Criterion also includes a 25-minute documentary on the making of the film called Profile of Black Narcissus, featuring interviews with cinematographer Jack Cardiff, cameraman Christopher Challis, assistant editor Noreen Ackland, historian Ian Christie, and actress Kathleen Byron. It’s a general talking-heads piece with a few photos and clips covering the film’s production, with material on the adaptation, the sets (with photos that do show impressive the illusion of the setting was,) the decision to shoot on a set (you can sense there was some disappointment when everyone when everyone found out they weren’t actually going to go to India,) and the actors. Of the first few video features on here I’d at least recommend watching this one as it covers the production a little better.

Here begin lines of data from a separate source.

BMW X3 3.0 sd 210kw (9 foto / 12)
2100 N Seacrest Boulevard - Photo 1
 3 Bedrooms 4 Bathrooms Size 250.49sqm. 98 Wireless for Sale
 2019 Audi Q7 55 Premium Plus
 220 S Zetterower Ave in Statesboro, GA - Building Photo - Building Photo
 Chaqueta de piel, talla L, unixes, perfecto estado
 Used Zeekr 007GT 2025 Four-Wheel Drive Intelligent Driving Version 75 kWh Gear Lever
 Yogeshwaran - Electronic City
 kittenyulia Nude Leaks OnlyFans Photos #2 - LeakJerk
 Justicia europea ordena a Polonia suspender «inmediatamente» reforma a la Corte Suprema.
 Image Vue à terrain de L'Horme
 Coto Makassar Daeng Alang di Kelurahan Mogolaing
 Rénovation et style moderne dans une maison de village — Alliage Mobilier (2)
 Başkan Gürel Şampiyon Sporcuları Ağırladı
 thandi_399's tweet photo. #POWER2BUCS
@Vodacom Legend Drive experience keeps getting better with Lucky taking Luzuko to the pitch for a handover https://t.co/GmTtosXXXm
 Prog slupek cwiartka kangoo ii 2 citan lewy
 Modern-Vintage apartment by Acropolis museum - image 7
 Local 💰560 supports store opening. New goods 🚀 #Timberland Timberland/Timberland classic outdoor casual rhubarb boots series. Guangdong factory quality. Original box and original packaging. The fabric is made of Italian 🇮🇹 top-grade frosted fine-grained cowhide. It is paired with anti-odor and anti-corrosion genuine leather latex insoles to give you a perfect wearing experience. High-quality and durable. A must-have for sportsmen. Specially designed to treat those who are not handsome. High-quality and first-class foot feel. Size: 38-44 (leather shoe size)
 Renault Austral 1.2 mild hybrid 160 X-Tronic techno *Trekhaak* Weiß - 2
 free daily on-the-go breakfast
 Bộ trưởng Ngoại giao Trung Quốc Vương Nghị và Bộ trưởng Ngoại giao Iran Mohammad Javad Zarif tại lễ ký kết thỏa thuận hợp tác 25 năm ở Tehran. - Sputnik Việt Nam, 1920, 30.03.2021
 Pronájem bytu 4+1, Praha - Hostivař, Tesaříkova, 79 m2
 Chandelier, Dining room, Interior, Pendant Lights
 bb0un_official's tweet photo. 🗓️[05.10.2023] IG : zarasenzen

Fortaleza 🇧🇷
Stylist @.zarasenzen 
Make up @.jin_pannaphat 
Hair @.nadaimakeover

What is certainly necessary viewing is the next one, carried over from the previous DVD edition. Painting with Light is a 27-minute documentary on Jack Cardiff and his Academy Award winning photography for the film. Featuring interviews with Cardiff, Martin Scorsese, Kathleen Byron, Thelma Schoonmaker Powell, Ian Christie, and others, the feature extensively covers Cardiff’s use of light and the Technicolor process, even giving us some great examples and demonstrations as to how Technicolor works, which includes breaking down how the camera works. Cardiff talks about some painters that have influenced his work (Rembrandt and Van Gogh just being a couple) and Byron attributes at least half of her performance to Cardiff’s use of lighting. It’s a great piece, though disappointingly hasn’t been reframed for high-def, with a black border around the entire image most of the time (though sequences from the film are presented properly.)
The disc then concludes with the same theatrical trailer found on the original DVD.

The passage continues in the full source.